Your truck is 12 years old, put a cat on it and drive it like you "stole" it. Cats don't last forever and do go bad in time.


----------



## fishingcacher (Mar 29, 2008)

Most places will sell you a replacement and give you some credit when you bring in the old cat. Valuable Pt in there.


----------



## 4x4tx (Nov 13, 2005)

Avalanche is experiencing low power and sputtering off and on now...son said it died on him this week too..first I'd heard of any real issues with it other than light. So guessing cat for sure now?


Sent from my iPad using Tapatalk


----------



## iamatt (Aug 28, 2012)

Cat should be warrantied for 80K Miles.

Sent from my ONE E1005 using Tapatalk


----------



## JFolm (Apr 22, 2012)

4x4tx said:


> Avalanche is experiencing low power and sputtering off and on now...son said it died on him this week too..first I'd heard of any real issues with it other than light. So guessing cat for sure now?
> 
> Sent from my iPad using Tapatalk


Have you ever changed the plugs. And yes it's worth it to change a bad front O2 sensor. Those are the most important ones.


----------



## iamatt (Aug 28, 2012)

JFolm said:


> Have you ever changed the plugs. And yes it's worth it to change a bad front O2 sensor. Those are the most important ones.


Don't. Cheap out. Get Bosch. Been there done that. Front one right off exhaust manifold usually all we ever need to replace.

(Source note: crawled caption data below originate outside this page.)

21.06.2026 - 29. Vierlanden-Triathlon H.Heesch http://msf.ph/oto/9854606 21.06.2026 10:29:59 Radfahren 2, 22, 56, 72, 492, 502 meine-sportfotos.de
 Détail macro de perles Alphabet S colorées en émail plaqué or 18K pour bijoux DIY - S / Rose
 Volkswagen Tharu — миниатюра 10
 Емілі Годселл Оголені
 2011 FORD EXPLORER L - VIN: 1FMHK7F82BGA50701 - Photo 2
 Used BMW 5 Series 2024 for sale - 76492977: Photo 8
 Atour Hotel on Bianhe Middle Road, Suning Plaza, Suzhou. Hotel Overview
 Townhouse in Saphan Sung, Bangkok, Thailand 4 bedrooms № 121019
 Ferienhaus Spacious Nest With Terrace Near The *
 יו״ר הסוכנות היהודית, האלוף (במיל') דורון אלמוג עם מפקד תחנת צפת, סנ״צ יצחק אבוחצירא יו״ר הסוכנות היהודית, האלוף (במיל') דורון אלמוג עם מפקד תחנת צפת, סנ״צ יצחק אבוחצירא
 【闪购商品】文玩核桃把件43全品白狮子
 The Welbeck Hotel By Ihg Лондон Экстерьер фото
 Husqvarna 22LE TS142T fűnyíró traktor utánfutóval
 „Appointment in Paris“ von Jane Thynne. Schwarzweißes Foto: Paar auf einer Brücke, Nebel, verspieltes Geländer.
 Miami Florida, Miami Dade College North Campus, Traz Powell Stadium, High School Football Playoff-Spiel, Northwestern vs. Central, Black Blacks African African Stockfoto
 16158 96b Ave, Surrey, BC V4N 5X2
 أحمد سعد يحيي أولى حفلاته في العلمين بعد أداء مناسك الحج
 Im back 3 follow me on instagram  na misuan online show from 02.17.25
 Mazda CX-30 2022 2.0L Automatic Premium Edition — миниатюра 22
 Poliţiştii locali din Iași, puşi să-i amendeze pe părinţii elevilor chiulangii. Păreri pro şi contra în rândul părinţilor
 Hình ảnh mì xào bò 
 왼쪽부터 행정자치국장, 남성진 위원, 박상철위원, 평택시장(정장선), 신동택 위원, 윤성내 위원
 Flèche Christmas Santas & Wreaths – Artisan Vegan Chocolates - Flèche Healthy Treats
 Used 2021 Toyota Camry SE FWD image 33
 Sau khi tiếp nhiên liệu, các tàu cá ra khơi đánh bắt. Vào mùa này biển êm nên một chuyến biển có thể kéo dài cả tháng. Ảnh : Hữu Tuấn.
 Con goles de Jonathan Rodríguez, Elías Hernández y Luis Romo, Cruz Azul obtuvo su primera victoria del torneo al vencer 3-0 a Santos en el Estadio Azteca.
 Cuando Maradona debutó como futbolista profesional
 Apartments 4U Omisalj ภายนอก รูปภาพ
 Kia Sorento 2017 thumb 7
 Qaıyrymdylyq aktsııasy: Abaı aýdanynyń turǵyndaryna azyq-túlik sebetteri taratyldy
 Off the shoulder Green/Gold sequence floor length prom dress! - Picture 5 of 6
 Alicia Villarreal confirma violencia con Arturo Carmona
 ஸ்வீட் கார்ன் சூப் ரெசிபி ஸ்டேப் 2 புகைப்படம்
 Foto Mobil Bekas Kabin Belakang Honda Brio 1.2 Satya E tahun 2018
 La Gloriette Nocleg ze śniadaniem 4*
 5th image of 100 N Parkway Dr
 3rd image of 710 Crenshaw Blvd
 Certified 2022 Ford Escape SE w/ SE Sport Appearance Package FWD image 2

Sent from my ONE E1005 using Tapatalk


----------



## Camarowithbass (Jul 6, 2011)

Had code P0300 on my 6.0L escalade.

I replaced plugs ,wires,map sensor, MAF sensor, all 02 sensors , knock sensors,intake manifold gaskets , and a few other things I can't recall. 

After all of this it still ran like ****, took it to the mechanic and for $160 he fixed me up with a new cat.


Sent from my SAMSUNG-SM-N910A using Tapatalk


----------



## dannyw (Nov 20, 2011)

Plug in a good code reader and go to the option that tells you sensor outputs. One of them will be bank one Front O2 sensor. It will display a voltage. If the O2 sensor is working correctly it will cycle between .1 to .9 volts. If it stays low, less than .45, it's a bad O2 sensor and it will run rich and cause your problems without throwing a code. It should cycle low then high 40-60 times a minute.


----------